● REQUIREMENT: The answer consists solely of the lines running from the one with "Apple Cider Vinegar" through the final line below, transcribed exactly and without any pictures.

[Start of Attachment]

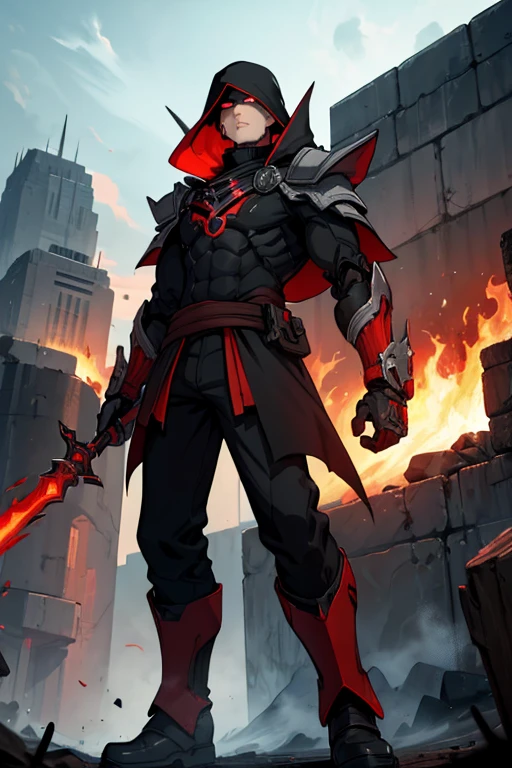 male, robot, fiery red eyes, black metal body, (((1boy))), (((black mantle))), (dark red torn pants), (grey sash), (brown boots), long legs, holding hammer, in a forge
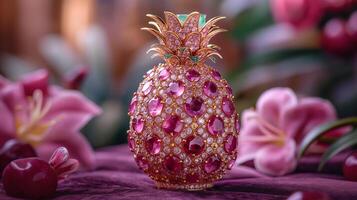 AI generated An artistic interpretation of a pineapple made entirely from diamonds photo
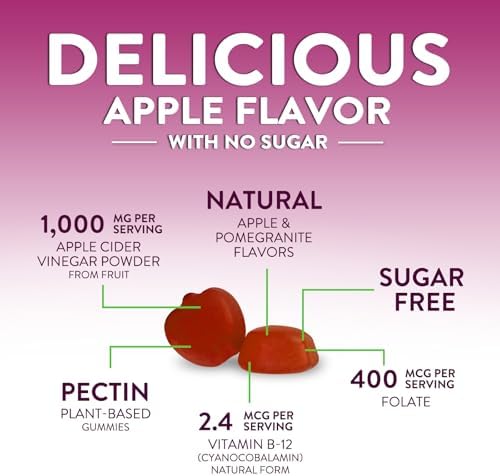 Apple Cider Vinegar Gummies for Weight Loss - Sugar Free - Max Strength ACV Gummy with Vitamin B12 & The Mother - Metabolism & Energy Support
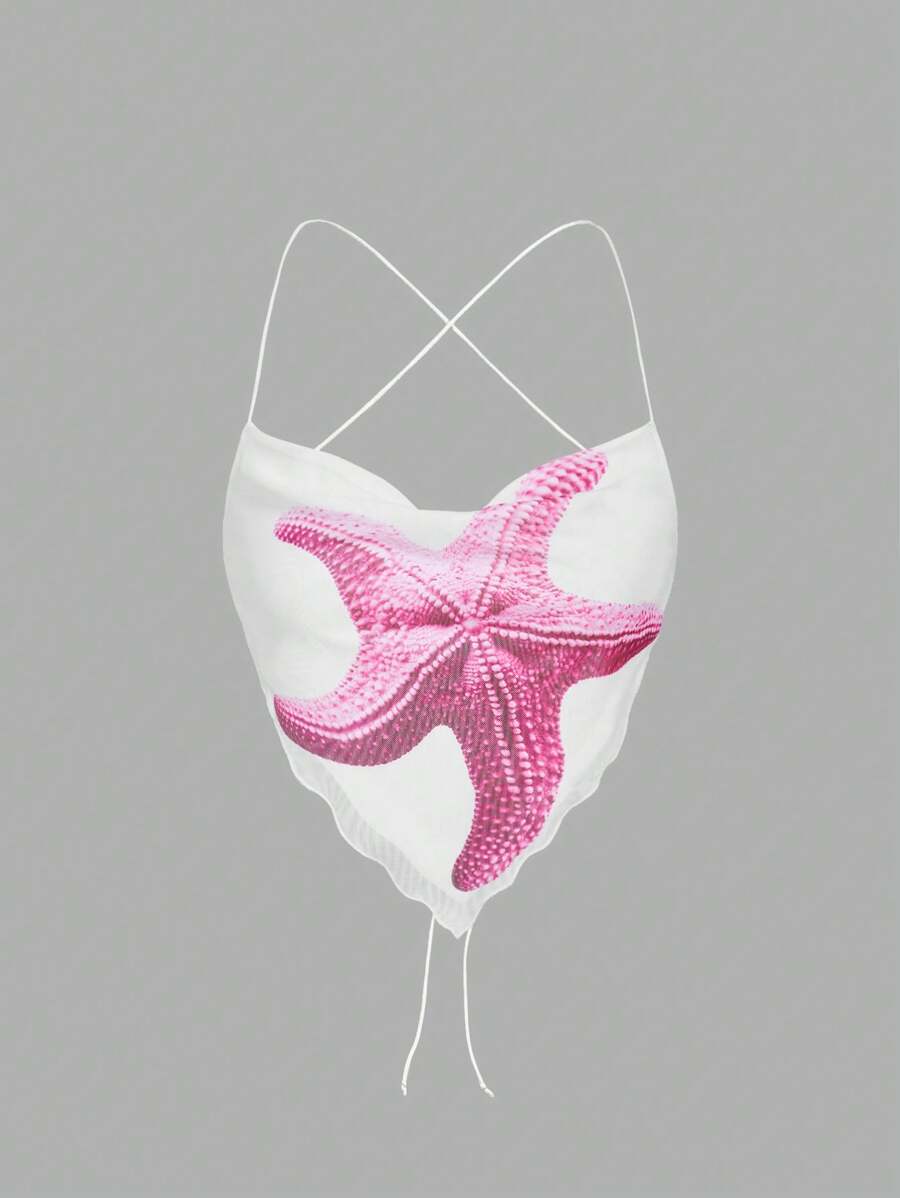 SHEIN MOD 白色印花背心，翻领和后背系带，夏季背心，海洋主题背心，邮轮服装，沙滩服装，外出背心 - 白色 - 查看 1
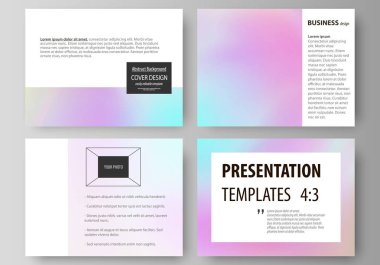 İş şablonları sunma kaymak için. Düz tasarım soyut vektör düzenler. Hologram, holografik etkisi ile pastel renklerde arka plan. Bulanık renkli desen, fütüristik gerçeküstü doku.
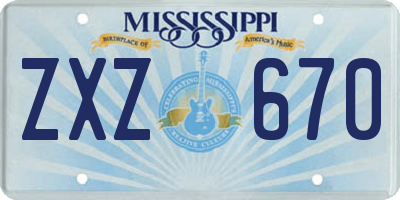 MS license plate ZXZ670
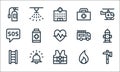 Emergencies line icons. linear set. quality vector line set such as axe, high visibility vest, ladder, fire, alarm, sos, fire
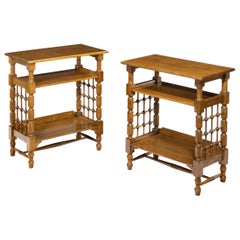 Matched Pair of Oak Side Tables Attributed to Liberty’s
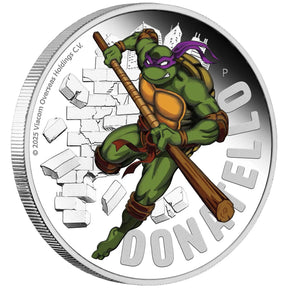 Coin featuring a green turtle character with a wooden staff on a white background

[End of Attachment]

● OUTPUT:
 Apple Cider Vinegar Gummies for Weight Loss - Sugar Free - Max Strength ACV Gummy with Vitamin B12 & The Mother - Metabolism & Energy Support
 SHEIN MOD 白色印花背心，翻领和后背系带，夏季背心，海洋主题背心，邮轮服装，沙滩服装，外出背心 - 白色 - 查看 1
 İş şablonları sunma kaymak için. Düz tasarım soyut vektör düzenler. Hologram, holografik etkisi ile pastel renklerde arka plan. Bulanık renkli desen, fütüristik gerçeküstü doku.
 MS license plate ZXZ670
 Emergencies line icons. linear set. quality vector line set such as axe, high visibility vest, ladder, fire, alarm, sos, fire
 Matched Pair of Oak Side Tables Attributed to Liberty’s
 Coin featuring a green turtle character with a wooden staff on a white background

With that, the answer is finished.